There are so many options on the fitness treadmill. As someone who has a chronic recurring 15 calendar year old hamstring damage – flat sprinting doesn’t always agree with my body so I attended up with some fun and very effective calorie burning alternatives. Do the same works as the mixed group but on an incline.

  • Relapse (leading back to the beginning and pre-contemplative)
  • Strap is constructed from high-grade TPU, which is also skin-friendly
  • Beef meat
  • Sara Kovach
  • Lift your leg and slip it either ahead or backward
  • Set an objective and make yourself responsible to it
  • Increased Positive Mood
  • 7 years back from St. Paul, minnesota

For example. Whether it’s a 30 second flat sprint where you may normally do 10.5 mph – take the incline to 6% and run at 6.0 mph or more. Trust me – your heartrate will still get high! It has made all the difference in my training since doing my runs this way and I haven’t re-injured my hamstring but still feel amazing after every treadmill workout.

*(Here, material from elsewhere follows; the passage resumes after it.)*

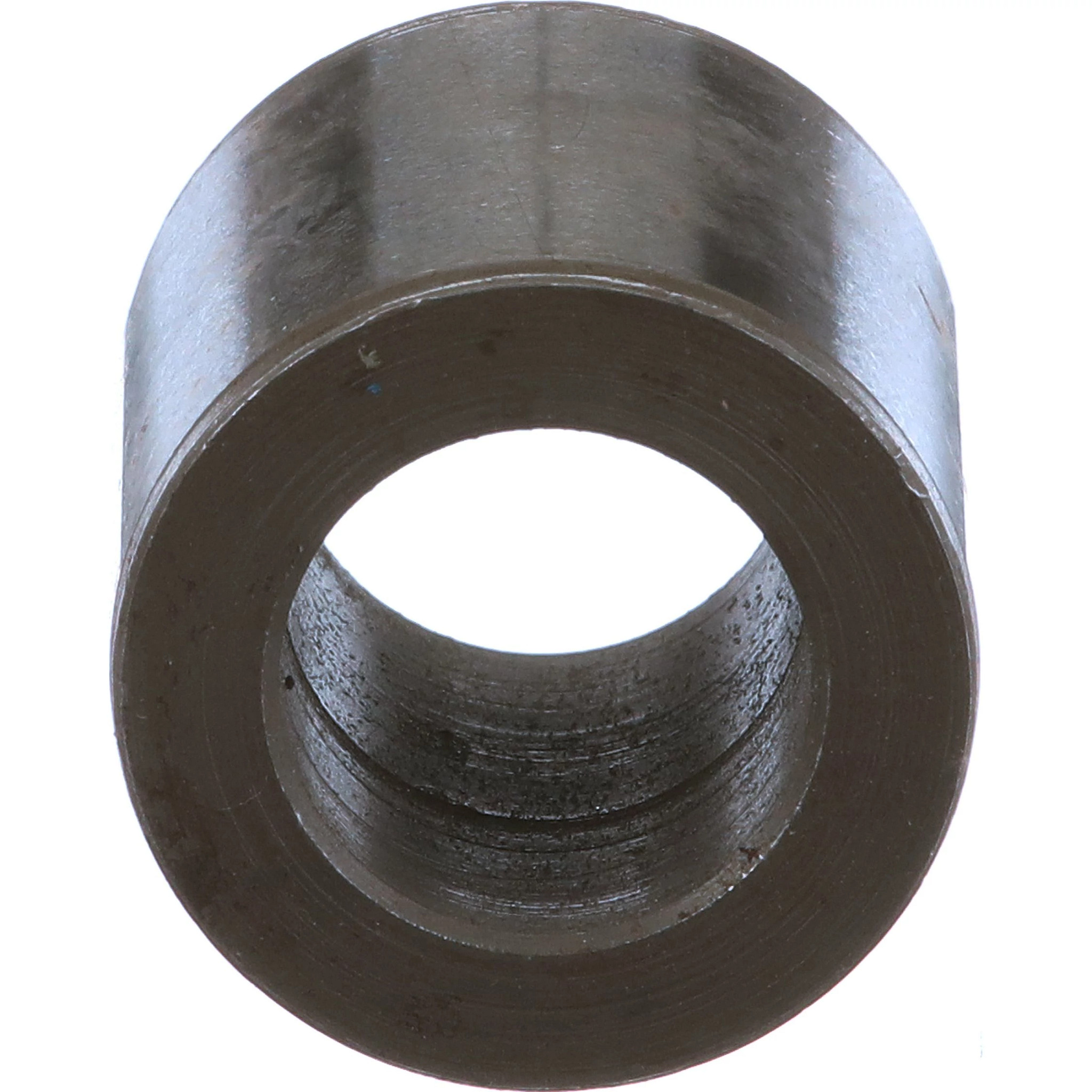 BUSHING | NEWHOLLANDAG | NZ | EN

As an apart – some girls in my classes have asked me “will my thighs increase from operating or walking on an incline?” The answer NO is! In all my 20 years as an individual trainer and fitness consultant I’ve never seen someone’s legs increase from doing incline running or walking. Think about it – just how many hikers have big legs? Of all women (and men) in LA who religiously hike Runyon Canyon day in and out, a day sometimes twice, have you any idea any with huge muscular thighs from hiking?